PROBLEM STATEMENT: Retype exactly the lines of the listing below from the one with "Winter Suspension and" through the last, both included, and leave every picture out.

** Opening INPUT MATERIAL block **

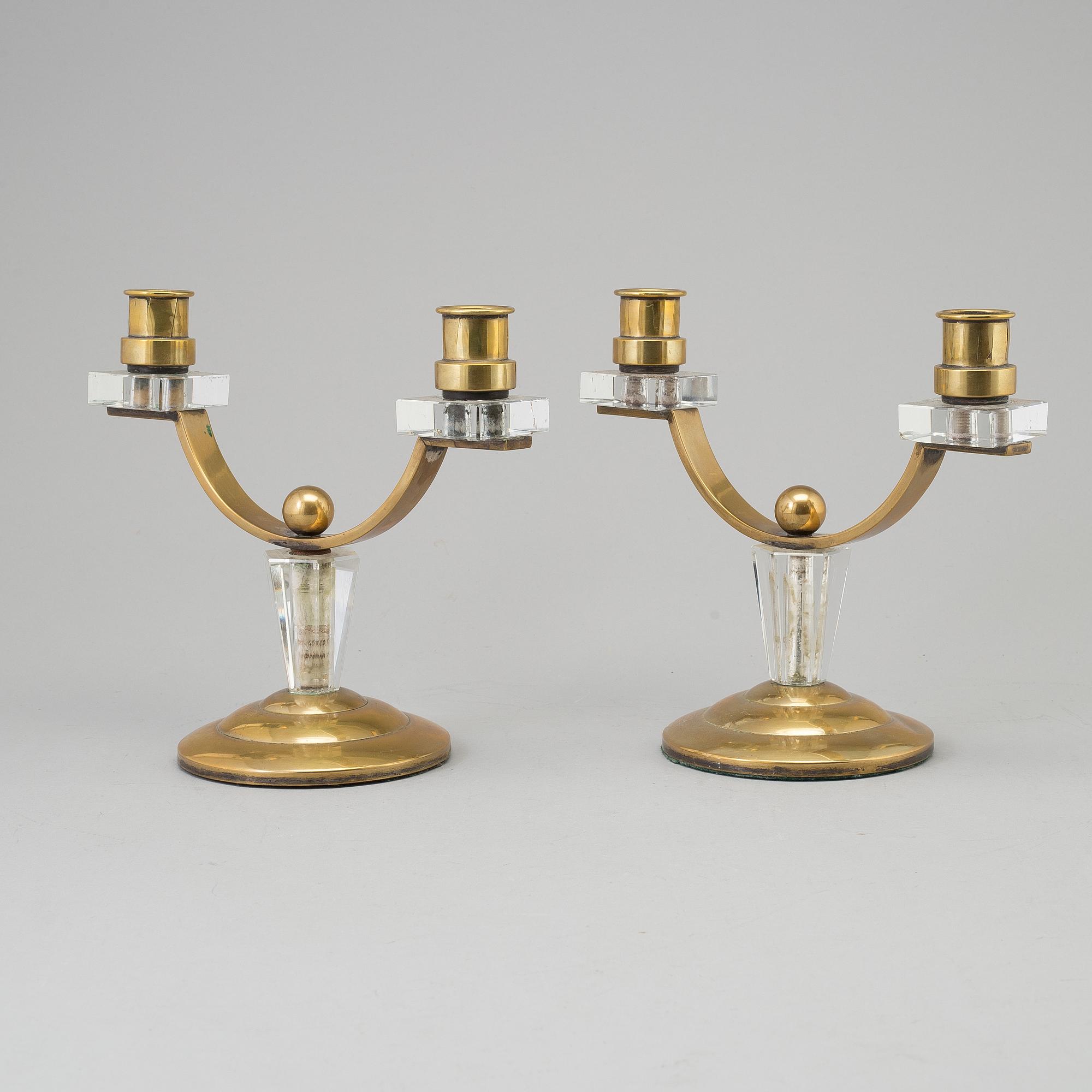 A pair of art déco brass and glass candelabra.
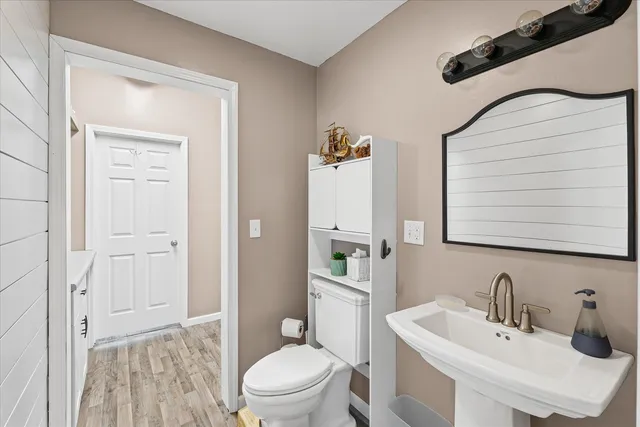 a view of a bathroom from a hallway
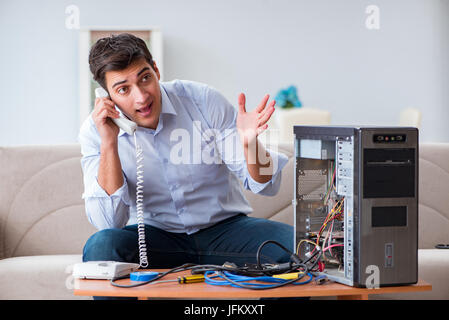 Angry customer trying to repair computer with phone support Stock Photo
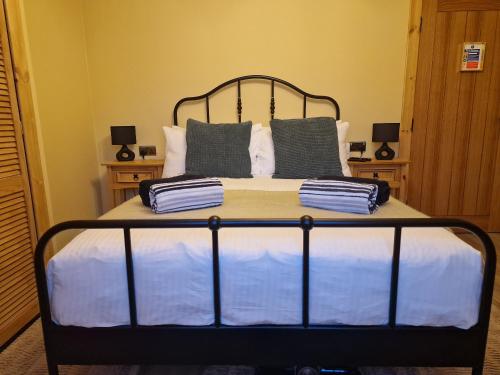 a bed with blue and white sheets and pillows at Failte Stay in Inverness
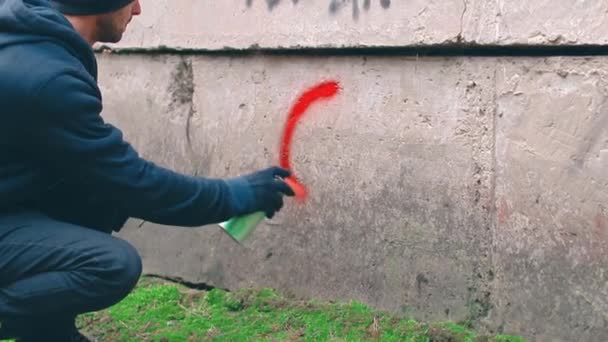 Street Hooligan escribiendo en la pared usando una lata de pintura en aerosol — Vídeos de Stock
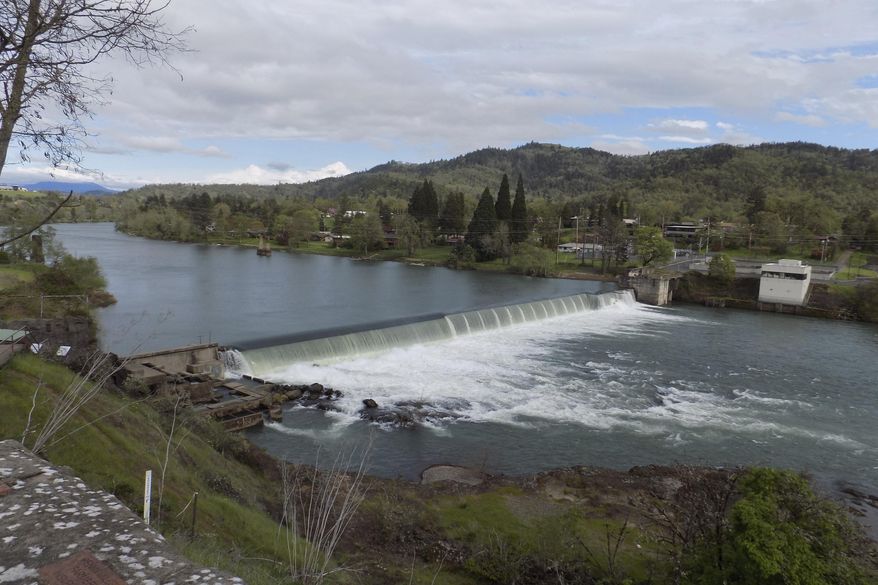 This photo provided by Jim McCarthy shows the Winchester Dam in Winchester, Ore., on April 19, 2019. Environmental and fishing groups are suing a small, private water district in southern Oregon over the 130-year-old dam on a pristine stretch of the North Umpqua River. The lawsuit, filed in U.S. District Court in Eugene, asks a judge to order the Winchester Water Control District to build a new fish ladder on the Winchester Dam and make major repairs to the overall dam, which is on a national historic registry. (JimMcCarthy/WaterWatch via AP)
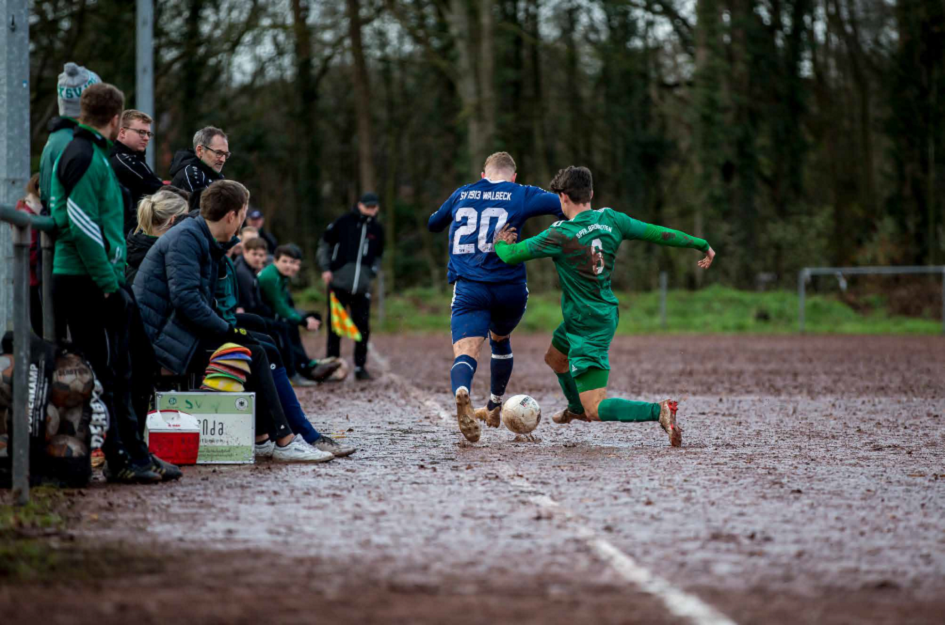 [{"clang_id":1,"value":"Fußballspiel im Freien. Zwei Spieler in Shorts und Trikots kämpfen um den Ball auf einem schlammigen Feld, Zuschauer am Spielfeldrand."}]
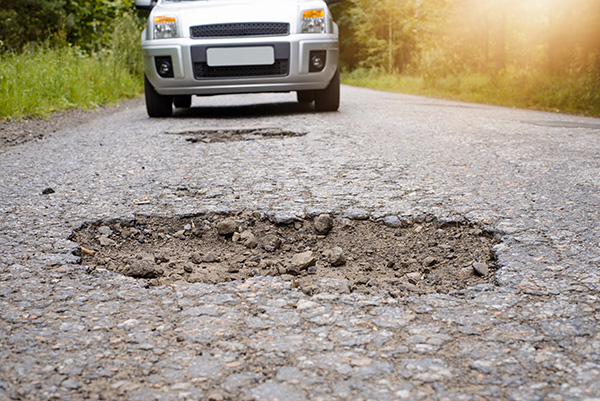 Winter Suspension and Alignment Problems: How Potholes and Ice Ruts Throw Your Car Off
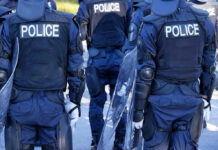 Police officers in riot gear with shields.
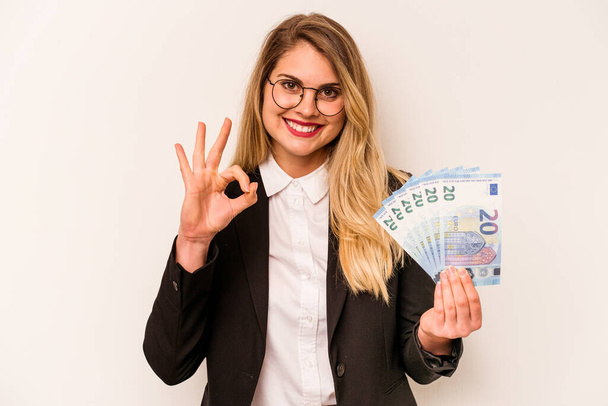 Young business caucasian woman holding a banknotes isolated on white background cheerful and confident showing ok gesture. - Photo, Image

** Closing INPUT MATERIAL block **

RESPONSE AREA:
 Winter Suspension and Alignment Problems: How Potholes and Ice Ruts Throw Your Car Off
 Police officers in riot gear with shields.
 Young business caucasian woman holding a banknotes isolated on white background cheerful and confident showing ok gesture. - Photo, Image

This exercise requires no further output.